Two arrested for circulating ‘misleading videos’ of church attacks

Police in Mangaluru have arrested two persons for allegedly circulating “old and misleading videos” about church attacks.

The arrested are Sunil Veigas, 34, and P P Sachith, 23, residents of Chikkamagaluru, some 150 km northeast of Mangaluru in Karnataka State.

Police on June 1st said that they have booked a suo motu (on its own) case considering how fake news could create law and order problem in the region.
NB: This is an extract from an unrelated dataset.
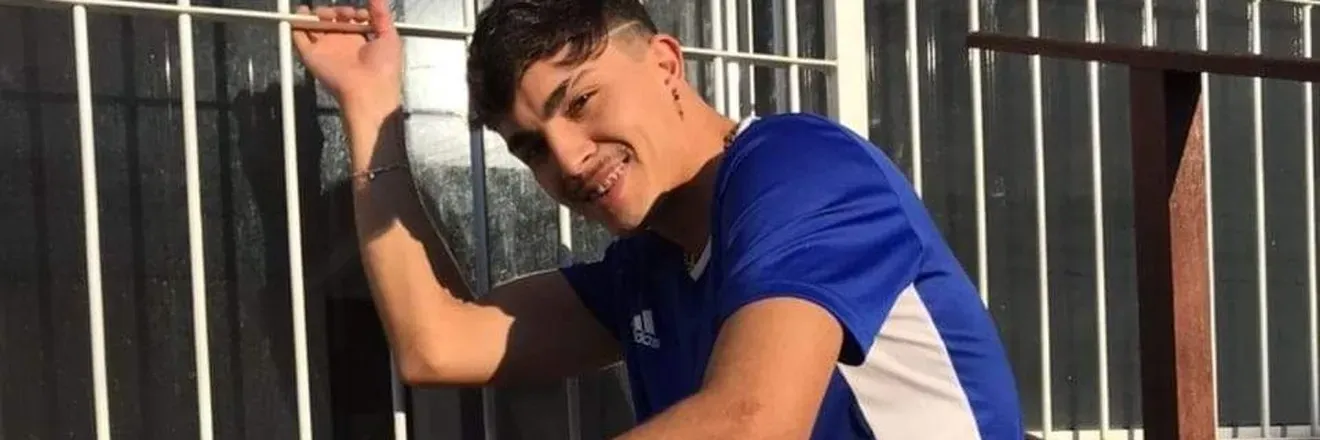 OnlyFans cuenta pitelzinho_luccas header 2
The two were arrested on May 30 and produced before a court.

They are accused of circulating a series of old and mis-leading videos and images claiming that some churches in Mangaluru region were attacked by right-wingers hours after the Bharatiya Janata Party won seven out of eight constituencies in Dakshina Kannada and all the five in Udupi.

However, what they circulated were videos of church attacks in Mangaluru that had taken place in September 2008. The video was circulated on WhatsApp after Karnataka assembly election results.